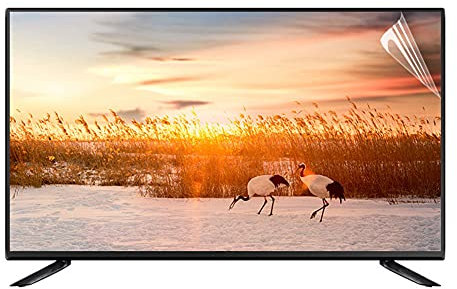WSHA Blaulicht-Displayschutz 46-49 Zoll Desktop-Monitor Blend- / Blaulicht- / Kratz- / Fingerabdruck-Film, Reflexion und Augenbelastung,48inch
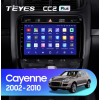 Штатная магнитола Teyes CC2 Plus 6/128 ГБ для Porsche Cayenne I (955) 2002-2006 на Android 10.0
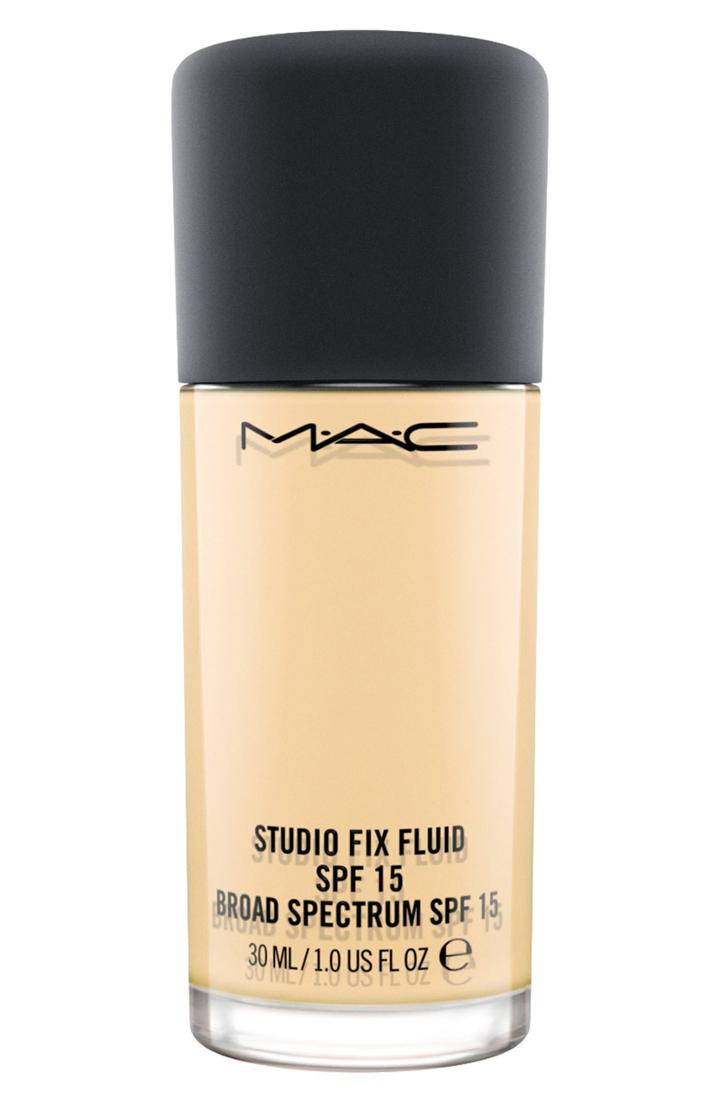 Mac Mac Studio Fix Fluid Foundation Spf 15 - Nc13 Fair Skin Beige Golden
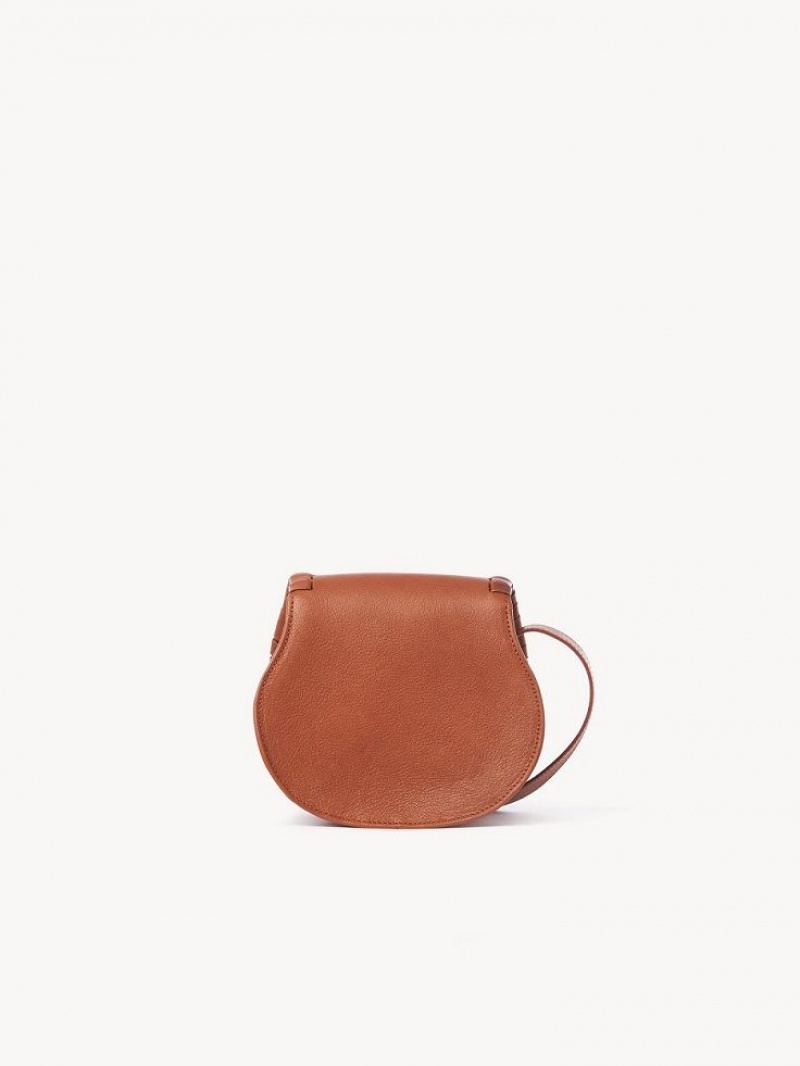 Mini Sacs Chloe Marcie Small Saddle Orange | CHE-SR13665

Task to complete = Would it be possible to reproduce the material word for word, images omitted?

Exercise result =
WSHA Blaulicht-Displayschutz 46-49 Zoll Desktop-Monitor Blend- / Blaulicht- / Kratz- / Fingerabdruck-Film, Reflexion und Augenbelastung,48inch
 Штатная магнитола Teyes CC2 Plus 6/128 ГБ для Porsche Cayenne I (955) 2002-2006 на Android 10.0
 Mac Mac Studio Fix Fluid Foundation Spf 15 - Nc13 Fair Skin Beige Golden
 Mini Sacs Chloe Marcie Small Saddle Orange | CHE-SR13665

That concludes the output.